#### [What the exercise asks]
Your response should be a copy of each line in the listing below that includes the word "White".

#### [Given data]
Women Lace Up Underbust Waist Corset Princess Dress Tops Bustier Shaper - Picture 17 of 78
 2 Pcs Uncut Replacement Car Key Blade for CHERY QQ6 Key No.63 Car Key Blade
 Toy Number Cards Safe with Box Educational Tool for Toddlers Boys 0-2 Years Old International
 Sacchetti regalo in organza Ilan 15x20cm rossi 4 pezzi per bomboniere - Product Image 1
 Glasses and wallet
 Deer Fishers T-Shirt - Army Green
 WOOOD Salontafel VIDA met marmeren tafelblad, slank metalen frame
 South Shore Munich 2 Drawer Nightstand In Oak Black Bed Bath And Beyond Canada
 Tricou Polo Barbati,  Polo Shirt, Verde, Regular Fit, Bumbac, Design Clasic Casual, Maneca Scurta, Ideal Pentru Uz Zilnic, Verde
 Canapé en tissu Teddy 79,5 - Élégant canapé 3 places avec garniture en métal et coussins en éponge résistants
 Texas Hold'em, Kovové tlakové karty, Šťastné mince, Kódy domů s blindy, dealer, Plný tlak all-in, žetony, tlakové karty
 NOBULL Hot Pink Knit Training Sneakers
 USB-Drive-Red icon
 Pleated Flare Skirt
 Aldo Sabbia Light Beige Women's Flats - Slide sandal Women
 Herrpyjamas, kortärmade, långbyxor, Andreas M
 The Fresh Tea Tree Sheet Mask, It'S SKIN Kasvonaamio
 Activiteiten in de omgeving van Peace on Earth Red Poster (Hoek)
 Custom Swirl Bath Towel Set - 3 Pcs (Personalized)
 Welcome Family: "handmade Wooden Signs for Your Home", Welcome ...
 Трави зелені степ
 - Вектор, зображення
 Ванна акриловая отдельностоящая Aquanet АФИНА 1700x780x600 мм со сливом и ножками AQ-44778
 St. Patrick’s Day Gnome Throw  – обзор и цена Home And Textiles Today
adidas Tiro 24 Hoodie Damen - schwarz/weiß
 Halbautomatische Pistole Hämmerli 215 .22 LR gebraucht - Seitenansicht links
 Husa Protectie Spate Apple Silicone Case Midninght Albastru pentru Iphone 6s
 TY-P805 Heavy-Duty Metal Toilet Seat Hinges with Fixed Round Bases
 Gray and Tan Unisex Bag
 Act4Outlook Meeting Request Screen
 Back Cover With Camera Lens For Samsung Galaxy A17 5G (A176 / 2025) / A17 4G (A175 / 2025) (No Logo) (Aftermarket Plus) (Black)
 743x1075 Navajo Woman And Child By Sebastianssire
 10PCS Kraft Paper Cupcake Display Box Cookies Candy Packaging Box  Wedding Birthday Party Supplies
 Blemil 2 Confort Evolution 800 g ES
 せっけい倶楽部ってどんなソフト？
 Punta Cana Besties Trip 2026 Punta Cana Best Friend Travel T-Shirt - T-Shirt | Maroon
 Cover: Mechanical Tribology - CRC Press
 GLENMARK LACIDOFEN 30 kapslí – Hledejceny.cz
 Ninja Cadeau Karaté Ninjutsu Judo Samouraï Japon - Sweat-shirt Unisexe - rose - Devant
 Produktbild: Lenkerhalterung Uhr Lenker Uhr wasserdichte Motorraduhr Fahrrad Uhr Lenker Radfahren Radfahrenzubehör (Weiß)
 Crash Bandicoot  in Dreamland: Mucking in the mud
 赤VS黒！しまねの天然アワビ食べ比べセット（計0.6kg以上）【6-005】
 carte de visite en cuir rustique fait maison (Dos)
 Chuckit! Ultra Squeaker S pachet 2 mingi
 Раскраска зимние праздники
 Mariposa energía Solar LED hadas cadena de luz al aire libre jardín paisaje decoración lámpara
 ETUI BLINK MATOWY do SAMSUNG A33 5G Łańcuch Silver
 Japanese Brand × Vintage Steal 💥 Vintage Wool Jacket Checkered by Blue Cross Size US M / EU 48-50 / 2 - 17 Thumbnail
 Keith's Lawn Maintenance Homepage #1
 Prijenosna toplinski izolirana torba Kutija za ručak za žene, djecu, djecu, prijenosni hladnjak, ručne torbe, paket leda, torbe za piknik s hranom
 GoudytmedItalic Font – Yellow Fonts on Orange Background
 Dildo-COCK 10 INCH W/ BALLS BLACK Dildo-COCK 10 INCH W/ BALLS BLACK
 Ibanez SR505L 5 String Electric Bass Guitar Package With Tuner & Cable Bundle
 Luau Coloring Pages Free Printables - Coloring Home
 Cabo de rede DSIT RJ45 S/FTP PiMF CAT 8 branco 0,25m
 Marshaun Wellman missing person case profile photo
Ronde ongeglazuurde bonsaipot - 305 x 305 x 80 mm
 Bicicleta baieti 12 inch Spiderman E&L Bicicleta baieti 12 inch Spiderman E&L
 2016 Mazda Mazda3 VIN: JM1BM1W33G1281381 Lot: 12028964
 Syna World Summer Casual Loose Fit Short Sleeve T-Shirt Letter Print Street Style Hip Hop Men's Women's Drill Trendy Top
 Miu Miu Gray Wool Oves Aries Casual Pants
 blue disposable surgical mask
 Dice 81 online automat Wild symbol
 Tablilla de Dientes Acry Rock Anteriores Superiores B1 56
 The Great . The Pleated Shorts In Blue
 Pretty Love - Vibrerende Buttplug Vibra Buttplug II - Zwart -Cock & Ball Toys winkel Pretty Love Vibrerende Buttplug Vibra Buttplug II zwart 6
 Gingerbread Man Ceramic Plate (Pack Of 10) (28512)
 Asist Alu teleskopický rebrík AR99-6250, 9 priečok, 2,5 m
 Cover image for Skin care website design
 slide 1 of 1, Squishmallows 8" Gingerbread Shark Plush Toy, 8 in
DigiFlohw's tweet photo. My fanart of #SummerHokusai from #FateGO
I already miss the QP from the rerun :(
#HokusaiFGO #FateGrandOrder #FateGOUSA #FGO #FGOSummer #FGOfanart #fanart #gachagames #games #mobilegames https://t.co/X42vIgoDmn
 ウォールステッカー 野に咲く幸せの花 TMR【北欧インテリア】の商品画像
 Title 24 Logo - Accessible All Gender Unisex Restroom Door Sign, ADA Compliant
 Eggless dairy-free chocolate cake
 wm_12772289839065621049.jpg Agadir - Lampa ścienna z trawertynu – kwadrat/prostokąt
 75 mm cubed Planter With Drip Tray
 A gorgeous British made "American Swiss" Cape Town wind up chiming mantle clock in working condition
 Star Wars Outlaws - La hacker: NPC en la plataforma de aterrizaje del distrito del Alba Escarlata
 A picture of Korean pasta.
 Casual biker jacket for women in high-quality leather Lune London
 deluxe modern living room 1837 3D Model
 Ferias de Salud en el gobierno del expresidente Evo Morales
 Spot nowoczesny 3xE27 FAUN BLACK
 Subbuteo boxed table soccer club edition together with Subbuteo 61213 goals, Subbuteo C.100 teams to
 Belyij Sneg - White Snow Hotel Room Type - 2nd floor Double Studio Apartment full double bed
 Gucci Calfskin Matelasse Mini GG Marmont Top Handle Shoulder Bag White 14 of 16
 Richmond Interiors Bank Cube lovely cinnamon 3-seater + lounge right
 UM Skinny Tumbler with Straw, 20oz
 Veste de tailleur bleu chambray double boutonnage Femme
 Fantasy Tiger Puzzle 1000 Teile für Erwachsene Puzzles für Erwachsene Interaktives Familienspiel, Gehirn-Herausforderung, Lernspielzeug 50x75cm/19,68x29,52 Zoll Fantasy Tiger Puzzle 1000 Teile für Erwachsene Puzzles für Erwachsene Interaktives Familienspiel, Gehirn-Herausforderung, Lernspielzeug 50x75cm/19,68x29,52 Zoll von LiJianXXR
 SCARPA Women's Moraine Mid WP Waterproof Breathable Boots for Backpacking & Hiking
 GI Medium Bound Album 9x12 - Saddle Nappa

#### [Result for this exercise]
 Belyij Sneg - White Snow Hotel Room Type - 2nd floor Double Studio Apartment full double bed
 Gucci Calfskin Matelasse Mini GG Marmont Top Handle Shoulder Bag White 14 of 16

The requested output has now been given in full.